Etiquette

The Chinese have a culture that is quite different from Westerners. Their ways of acting and reacting can often surprise you but try to keep an open mind. Faced with a problem, you will most often succeed by remaining calm and patient rather than allowing yourself to grow inpatient.

1. Common Habit

With the exception of major cities like Beijing and Shanghai, you'll often be stared at by a number of curious locals who want to meet a "Laowai" which is how they refer to Westerners. People may try to take a picture of you or attempt to discuss topics with you in broken English to learn more about you. Questions can sometimes be personal but this is simply their way of exchanging words with you.

Conversely, try not to make them lose face, which is an important concept in Chinese culture. You often find that Chinese people prefer to say "yes" or remain vague rather than expressing their disapproval. Try not to put them in an uncomfortable situation by emphasizing an error they’ve made publicly. Instead, remain polite and maybe tell them in private.

If you smoke, it is popular to offer cigarettes to people around you when you light your cigarette. You can also offer your tour driver and guide a cigarette during your commute, during meals or while in bars. If anyone offers you a cigarette then politely accept if you smoke or, otherwise, simply give a hand gesture to explain that you do not smoke.

During discussions with your guide and locals, try not to go too deep into conversation on politics. Some topics may be sensitive enough in such a country where there are many nationalists.

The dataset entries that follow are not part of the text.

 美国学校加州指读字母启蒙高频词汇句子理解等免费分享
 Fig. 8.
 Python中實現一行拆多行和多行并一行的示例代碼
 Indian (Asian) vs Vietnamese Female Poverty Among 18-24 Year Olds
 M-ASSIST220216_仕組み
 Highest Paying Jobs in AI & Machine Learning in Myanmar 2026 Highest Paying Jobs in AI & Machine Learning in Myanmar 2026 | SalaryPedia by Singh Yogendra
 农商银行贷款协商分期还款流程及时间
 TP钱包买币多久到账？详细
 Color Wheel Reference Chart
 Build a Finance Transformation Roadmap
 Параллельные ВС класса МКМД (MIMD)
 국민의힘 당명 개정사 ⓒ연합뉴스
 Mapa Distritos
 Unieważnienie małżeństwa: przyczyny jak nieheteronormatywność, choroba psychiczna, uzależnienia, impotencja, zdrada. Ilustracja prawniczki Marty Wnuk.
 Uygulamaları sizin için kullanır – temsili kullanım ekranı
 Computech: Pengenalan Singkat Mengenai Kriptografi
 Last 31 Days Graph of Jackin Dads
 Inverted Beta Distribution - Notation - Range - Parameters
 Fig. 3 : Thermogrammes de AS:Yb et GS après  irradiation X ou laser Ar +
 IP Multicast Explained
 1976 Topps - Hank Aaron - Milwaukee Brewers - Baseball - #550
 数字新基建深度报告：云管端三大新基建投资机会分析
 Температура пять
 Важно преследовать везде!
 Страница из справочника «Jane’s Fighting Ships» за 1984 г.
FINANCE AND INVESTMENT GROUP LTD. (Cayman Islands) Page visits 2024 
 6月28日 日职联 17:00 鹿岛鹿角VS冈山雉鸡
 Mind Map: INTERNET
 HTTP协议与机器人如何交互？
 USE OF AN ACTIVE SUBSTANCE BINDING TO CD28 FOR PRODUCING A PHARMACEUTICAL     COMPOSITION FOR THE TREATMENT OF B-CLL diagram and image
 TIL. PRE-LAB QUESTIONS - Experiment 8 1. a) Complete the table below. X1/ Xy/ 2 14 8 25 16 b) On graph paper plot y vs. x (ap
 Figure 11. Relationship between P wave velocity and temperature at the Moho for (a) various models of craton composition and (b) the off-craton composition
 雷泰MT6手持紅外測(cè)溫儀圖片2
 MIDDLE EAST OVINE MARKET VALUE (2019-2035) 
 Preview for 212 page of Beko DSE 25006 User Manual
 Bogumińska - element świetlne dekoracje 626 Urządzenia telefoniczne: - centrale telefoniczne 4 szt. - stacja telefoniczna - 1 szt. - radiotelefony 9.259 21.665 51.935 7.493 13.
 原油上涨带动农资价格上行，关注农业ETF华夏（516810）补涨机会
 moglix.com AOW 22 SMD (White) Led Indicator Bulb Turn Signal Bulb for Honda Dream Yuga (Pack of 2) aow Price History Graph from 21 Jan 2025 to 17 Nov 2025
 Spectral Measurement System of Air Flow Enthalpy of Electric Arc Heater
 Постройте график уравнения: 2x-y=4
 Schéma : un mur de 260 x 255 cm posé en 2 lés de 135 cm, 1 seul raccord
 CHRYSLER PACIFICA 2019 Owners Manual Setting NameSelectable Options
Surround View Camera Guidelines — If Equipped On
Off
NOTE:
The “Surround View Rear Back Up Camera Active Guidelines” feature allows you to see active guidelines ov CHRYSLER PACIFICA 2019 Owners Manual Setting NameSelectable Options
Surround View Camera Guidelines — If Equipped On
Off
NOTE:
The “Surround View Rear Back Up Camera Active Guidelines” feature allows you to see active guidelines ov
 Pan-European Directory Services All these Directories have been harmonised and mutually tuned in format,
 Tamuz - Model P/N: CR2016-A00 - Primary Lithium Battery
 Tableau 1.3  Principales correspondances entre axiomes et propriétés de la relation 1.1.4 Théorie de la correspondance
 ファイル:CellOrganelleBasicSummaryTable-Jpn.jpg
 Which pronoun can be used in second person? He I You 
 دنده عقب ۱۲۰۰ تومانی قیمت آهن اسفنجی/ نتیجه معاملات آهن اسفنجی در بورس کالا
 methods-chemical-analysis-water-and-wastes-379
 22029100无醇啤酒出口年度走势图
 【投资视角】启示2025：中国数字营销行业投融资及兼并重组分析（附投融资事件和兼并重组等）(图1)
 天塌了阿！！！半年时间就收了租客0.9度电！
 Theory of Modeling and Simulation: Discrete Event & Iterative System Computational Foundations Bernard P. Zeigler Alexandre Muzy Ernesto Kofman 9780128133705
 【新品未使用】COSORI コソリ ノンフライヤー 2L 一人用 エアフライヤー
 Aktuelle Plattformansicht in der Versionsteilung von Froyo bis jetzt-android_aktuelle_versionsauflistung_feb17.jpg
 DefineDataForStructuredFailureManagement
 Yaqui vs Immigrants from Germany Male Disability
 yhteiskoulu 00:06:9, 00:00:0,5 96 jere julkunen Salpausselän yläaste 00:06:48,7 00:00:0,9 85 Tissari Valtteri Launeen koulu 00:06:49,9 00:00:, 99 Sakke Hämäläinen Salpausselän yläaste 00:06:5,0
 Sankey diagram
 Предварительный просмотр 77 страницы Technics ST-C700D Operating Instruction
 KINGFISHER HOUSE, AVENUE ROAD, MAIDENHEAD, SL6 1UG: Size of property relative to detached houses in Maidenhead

In case you are invited by a Chinese individuals to their home (outside the planned items in the program of your trip), it is customary to bring a small gift. Four things to avoid:  chrysanthemum (used for funerals), watches, soaps and knives. Fruit or alcohol are fairly common gifts for Chinese people.

Before entering, be sure to ask if you should remove your shoes. If they say, "yes" then you can ask for slippers or slippers will be provided for you. They may often insist that you keep your shoes on but, if they removed theirs, you should do the same.

2. Table Manners

Whether in restaurants or eating in a household with families, it is likely that there will be food galore. It is important that you always have too much to eat. If you finish eating all the dishes, then it means that the host did not have enough food prepared for you, which would make them lose face. In this scenario, they may even recommend additional dishes to eat. Do not force yourself to finish your plate to be polite because your hosts may view your efforts as the opposite. Likewise for eating rice do not finish your last bowl of rice otherwise, they will assume it was not enough.

In terms of alcohol, you may find yourself invited to drink with locals. It is impolite to refuse a free drink, but you can explain if you do not want to drink alcohol. When you toast, the oldest or the most important person must have his drink raised higher in height. Sometimes you see people bicker for 5 minutes about insisting that others should put their glasses down to show respect for the honored person.

With alcohol, the prominent term to cheer is "Ganbei!" This indicates that you will drink all of the contents in the glass at once.

Chopsticks are not a toy and good behavior while using them is important to Chinese people. Do not leave your chopsticks in your bowl of rice, rather, it is better to place them in a balanced across the outer edges of your rice bowl. In addition, do not play with food that is served to you as it is considered disrespectful.

3. Religion

In churches and cathedrals in Europe, it is frowned upon to wear a hat, T-shirt not cover the shoulders and skirts and shorts stopping above the knees. However, in China, every religion has its own rules. Try to pay attention and not offend believers as well as avoid the risk of conducting any action that may result in your being asked to leave.

In temples, remove your hat or cap. Most of the time, it is not necessary to remove your shoes, even if the monks have done so. Avoid loud and irreverent conversations. Also be sure to ask permission before getting out your camera. When you sit down, please make sure that the soles of your feet are not facing an altar, a sacred object or individual. Also, never point your finger toward any of the statues inside of these sacred places; rather, it is best that you use your entire hand with outstretched fingers to point at a statue.

In mosques, cover your arms to the elbows or lower. Your thighs and knees should also be covered. Women can choose to wear a scarf on their heads as a sign of a courteous gesture, but such an action is not required.

In Tibet, avoid all gestures of affection in public; avoid wearing shorts or walking barefoot, walking on the shadow of a lama, walking between a living Buddha and a statue.  Also be sure to ask permission before taking photographs of the locals. Avoid touching the heads of children, monks, or any other person in this area. Indeed, Tibetans believe that God lives in their head and will then be offended by your gesture.

On the Silk Road, do not order pork or alcohol in Muslim restaurants. Also be sure to avoid sensitive topics such as relationships between different ethnic groups. With regard to alcohol and tobacco, be sure to adopt the same behavior as the locals, considering that these products are not allowed in some parts of the region.